Problem to work on: Every line of the records below from the line with "GRÖSSE 6- 8 JAHRE" up to and including the line with "Womens UK Size" must be reproduced exactly, and no line outside that range.

Supplied data:

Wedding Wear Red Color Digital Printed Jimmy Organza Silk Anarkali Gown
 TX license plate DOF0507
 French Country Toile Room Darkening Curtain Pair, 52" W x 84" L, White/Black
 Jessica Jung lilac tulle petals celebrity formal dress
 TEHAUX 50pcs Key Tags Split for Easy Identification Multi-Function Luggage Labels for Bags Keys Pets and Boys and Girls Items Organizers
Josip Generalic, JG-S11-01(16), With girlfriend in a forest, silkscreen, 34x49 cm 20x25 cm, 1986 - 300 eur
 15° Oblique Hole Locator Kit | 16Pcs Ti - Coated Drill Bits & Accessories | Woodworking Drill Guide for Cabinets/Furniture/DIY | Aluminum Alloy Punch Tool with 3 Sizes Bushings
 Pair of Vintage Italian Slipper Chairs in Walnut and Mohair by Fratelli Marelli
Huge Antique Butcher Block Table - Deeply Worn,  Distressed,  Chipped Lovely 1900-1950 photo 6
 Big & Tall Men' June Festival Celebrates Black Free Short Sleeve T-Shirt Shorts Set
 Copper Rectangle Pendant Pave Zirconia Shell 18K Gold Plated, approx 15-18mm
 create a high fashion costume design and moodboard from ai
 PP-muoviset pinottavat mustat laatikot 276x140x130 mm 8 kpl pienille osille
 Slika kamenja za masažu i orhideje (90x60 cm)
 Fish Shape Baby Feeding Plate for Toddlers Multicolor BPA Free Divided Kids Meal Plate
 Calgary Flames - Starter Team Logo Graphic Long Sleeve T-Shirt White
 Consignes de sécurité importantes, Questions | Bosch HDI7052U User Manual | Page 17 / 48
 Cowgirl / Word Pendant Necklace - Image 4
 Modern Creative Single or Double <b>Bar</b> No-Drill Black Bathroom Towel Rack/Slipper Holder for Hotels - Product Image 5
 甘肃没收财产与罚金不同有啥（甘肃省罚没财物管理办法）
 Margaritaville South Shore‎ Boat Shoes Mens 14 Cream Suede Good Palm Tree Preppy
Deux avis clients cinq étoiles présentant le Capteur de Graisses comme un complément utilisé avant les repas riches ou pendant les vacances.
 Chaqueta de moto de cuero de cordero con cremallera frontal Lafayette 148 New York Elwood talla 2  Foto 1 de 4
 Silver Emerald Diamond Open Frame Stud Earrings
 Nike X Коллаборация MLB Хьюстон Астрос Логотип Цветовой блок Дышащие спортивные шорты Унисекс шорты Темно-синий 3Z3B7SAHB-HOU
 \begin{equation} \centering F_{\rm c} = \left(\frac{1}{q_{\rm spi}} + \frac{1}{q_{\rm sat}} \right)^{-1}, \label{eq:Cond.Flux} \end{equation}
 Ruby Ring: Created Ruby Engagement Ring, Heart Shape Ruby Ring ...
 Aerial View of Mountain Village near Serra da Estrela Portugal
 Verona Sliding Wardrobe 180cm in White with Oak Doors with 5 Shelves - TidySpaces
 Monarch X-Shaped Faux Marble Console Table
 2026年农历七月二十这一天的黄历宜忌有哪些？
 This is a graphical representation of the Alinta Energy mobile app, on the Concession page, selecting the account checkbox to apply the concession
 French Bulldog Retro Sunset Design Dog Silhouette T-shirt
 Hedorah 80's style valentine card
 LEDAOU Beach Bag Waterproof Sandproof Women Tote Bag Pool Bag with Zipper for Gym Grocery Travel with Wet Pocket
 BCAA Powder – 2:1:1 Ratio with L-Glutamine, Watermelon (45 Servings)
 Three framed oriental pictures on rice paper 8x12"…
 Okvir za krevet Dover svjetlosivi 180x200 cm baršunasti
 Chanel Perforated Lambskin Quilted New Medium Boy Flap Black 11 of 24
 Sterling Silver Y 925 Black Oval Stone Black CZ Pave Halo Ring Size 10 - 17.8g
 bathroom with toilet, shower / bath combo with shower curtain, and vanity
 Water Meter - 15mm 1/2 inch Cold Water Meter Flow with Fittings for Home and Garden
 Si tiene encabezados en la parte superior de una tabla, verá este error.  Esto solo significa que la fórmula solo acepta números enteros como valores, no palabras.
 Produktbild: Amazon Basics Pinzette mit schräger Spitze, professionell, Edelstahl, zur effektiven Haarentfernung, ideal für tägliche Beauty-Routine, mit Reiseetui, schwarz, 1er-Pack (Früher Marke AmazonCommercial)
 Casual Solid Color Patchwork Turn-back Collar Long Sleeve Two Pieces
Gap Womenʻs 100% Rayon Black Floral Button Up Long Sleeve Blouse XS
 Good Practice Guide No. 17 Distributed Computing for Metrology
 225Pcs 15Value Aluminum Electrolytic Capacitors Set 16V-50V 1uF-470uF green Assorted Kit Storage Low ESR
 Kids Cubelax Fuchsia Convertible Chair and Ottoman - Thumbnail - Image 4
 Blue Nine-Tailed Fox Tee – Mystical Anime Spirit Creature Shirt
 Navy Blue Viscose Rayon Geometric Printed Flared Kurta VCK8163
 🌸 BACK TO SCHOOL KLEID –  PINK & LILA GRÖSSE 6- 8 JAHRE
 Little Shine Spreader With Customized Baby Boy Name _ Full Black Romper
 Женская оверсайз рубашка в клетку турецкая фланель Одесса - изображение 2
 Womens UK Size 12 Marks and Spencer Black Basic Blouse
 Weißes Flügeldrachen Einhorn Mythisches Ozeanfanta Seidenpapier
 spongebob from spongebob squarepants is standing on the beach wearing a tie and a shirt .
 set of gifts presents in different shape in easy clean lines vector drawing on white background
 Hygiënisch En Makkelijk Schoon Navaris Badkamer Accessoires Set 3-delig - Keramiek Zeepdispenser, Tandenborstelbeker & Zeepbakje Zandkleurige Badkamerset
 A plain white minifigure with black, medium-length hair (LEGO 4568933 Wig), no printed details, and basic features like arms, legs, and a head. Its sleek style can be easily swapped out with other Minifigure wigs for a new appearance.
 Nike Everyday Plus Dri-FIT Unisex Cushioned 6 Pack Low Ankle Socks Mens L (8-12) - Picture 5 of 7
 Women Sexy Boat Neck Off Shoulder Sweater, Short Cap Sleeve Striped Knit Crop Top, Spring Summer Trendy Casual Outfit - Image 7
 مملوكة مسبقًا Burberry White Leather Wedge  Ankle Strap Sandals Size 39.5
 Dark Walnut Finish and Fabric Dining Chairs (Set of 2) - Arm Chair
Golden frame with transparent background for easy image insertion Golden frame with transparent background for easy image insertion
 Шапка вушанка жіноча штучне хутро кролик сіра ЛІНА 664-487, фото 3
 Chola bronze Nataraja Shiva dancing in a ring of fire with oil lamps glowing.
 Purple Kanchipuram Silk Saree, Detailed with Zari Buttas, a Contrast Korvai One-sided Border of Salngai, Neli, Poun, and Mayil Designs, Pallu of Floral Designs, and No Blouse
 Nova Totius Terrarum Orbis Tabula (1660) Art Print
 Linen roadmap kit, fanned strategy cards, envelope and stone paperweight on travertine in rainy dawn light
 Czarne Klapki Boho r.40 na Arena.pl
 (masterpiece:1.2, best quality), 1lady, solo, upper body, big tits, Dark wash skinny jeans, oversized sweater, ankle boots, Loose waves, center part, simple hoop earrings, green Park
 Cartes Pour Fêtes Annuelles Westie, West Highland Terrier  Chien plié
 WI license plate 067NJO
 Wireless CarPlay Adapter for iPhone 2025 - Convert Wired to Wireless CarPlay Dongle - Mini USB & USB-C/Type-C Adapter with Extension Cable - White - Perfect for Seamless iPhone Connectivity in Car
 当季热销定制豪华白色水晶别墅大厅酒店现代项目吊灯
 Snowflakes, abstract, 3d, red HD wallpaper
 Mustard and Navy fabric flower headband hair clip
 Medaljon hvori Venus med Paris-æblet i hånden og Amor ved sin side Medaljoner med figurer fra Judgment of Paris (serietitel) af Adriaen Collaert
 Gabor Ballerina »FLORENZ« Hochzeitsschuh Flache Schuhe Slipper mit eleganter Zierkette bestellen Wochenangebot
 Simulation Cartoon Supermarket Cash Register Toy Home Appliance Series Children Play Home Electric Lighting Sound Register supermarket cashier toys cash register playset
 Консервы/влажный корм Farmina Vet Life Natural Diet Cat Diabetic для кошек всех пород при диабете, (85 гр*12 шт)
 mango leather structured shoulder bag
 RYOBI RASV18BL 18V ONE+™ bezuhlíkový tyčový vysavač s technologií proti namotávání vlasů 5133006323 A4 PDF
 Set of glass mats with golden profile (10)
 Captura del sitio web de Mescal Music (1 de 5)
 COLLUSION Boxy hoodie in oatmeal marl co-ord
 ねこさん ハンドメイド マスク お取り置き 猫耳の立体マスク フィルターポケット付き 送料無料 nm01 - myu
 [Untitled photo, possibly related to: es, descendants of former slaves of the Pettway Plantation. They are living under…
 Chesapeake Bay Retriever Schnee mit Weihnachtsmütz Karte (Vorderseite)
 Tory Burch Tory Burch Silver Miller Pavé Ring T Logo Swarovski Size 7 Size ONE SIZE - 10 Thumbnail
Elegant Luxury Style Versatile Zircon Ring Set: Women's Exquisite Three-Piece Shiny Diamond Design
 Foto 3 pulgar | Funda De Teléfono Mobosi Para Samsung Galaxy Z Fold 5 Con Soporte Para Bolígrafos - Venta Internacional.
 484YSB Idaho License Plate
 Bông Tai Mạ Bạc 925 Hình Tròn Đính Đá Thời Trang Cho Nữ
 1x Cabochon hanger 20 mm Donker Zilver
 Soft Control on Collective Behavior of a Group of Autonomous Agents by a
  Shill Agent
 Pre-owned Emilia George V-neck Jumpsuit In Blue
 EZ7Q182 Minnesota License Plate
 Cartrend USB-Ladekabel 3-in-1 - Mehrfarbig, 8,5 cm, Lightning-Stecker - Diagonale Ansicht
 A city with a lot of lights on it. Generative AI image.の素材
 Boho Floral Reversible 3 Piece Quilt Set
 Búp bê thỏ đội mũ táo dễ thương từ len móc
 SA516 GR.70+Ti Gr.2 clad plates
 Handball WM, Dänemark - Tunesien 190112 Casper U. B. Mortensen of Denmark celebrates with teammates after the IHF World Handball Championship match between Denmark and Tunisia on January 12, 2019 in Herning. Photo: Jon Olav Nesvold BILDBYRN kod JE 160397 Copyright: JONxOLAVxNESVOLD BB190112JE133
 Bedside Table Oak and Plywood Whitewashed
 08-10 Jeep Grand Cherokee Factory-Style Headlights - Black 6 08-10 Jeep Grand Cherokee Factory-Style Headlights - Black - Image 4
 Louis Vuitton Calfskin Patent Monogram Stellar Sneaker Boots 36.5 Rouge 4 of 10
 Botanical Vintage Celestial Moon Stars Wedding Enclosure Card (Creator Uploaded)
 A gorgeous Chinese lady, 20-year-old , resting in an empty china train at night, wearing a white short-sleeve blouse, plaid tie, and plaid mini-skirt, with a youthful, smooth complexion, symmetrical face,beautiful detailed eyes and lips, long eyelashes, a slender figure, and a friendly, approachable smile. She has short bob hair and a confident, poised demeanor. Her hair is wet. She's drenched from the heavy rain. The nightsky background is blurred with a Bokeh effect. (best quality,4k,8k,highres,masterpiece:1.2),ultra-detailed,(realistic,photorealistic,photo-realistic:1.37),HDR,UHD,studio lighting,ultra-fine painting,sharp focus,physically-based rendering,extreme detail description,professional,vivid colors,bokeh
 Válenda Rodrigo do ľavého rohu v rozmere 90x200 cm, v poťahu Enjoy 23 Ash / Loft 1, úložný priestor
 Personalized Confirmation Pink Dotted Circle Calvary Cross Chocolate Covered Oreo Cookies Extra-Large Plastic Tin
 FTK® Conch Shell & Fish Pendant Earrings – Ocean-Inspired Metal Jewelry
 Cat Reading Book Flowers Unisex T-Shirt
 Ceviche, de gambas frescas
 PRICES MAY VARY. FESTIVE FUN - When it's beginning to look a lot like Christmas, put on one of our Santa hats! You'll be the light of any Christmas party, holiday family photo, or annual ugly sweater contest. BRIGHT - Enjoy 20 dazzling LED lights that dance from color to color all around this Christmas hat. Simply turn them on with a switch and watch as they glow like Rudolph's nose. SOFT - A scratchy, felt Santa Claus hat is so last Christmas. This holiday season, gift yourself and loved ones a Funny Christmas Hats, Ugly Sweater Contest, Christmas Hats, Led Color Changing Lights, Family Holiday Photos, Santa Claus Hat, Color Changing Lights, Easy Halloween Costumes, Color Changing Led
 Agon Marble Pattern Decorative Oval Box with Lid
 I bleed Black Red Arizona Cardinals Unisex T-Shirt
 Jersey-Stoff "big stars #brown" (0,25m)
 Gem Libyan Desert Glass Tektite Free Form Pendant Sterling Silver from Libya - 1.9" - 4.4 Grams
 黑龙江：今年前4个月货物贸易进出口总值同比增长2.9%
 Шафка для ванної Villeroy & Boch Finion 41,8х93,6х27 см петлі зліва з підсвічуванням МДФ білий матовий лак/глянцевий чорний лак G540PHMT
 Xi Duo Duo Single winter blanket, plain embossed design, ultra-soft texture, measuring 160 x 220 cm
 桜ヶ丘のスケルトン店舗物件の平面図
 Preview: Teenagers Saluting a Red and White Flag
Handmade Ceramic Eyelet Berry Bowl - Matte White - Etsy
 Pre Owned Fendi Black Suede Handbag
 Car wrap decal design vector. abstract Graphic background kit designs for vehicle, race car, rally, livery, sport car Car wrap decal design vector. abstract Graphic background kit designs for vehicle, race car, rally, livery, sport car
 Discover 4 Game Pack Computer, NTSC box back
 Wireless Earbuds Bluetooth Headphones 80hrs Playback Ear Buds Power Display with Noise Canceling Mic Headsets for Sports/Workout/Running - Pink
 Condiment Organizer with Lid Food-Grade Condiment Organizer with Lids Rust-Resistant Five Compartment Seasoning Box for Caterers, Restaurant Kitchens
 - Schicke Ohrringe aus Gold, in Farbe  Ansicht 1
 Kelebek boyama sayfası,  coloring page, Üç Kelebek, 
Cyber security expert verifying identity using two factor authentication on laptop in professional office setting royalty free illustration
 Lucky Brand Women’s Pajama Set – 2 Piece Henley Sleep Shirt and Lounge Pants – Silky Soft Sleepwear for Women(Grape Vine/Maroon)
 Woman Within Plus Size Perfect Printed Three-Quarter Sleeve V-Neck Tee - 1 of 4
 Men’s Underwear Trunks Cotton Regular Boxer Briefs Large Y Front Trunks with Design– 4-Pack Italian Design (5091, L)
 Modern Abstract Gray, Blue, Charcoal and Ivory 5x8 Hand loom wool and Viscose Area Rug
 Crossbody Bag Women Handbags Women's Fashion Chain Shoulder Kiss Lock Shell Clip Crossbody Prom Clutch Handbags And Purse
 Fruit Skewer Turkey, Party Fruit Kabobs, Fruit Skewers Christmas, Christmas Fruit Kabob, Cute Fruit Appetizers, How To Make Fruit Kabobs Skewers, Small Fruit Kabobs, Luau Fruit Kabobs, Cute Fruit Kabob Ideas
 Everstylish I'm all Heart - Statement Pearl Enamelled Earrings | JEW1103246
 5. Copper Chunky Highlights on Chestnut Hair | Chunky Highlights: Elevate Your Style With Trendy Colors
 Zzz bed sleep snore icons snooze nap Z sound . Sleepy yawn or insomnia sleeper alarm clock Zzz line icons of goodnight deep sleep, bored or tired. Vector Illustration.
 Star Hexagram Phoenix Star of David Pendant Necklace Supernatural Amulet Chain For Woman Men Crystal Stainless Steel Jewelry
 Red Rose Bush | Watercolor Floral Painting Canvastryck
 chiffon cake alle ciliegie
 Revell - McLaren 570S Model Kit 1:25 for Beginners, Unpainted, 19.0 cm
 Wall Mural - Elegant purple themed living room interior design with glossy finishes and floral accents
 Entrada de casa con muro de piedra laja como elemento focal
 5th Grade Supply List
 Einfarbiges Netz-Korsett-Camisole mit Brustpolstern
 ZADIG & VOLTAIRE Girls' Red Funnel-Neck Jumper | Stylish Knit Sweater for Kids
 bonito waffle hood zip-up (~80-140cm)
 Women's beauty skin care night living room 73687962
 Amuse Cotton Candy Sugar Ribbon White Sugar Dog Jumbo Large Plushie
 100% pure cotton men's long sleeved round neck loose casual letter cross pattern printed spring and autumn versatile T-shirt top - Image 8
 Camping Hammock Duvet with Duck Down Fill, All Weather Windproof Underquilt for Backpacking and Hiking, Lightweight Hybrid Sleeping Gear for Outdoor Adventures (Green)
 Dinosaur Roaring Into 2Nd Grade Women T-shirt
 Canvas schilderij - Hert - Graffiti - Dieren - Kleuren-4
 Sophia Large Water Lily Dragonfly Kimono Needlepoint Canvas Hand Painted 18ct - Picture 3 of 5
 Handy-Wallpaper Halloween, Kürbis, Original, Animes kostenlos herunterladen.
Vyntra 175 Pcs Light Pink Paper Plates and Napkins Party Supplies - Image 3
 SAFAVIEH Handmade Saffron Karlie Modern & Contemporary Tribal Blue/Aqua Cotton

Answer for the task:
 🌸 BACK TO SCHOOL KLEID –  PINK & LILA GRÖSSE 6- 8 JAHRE
 Little Shine Spreader With Customized Baby Boy Name _ Full Black Romper
 Женская оверсайз рубашка в клетку турецкая фланель Одесса - изображение 2
 Womens UK Size 12 Marks and Spencer Black Basic Blouse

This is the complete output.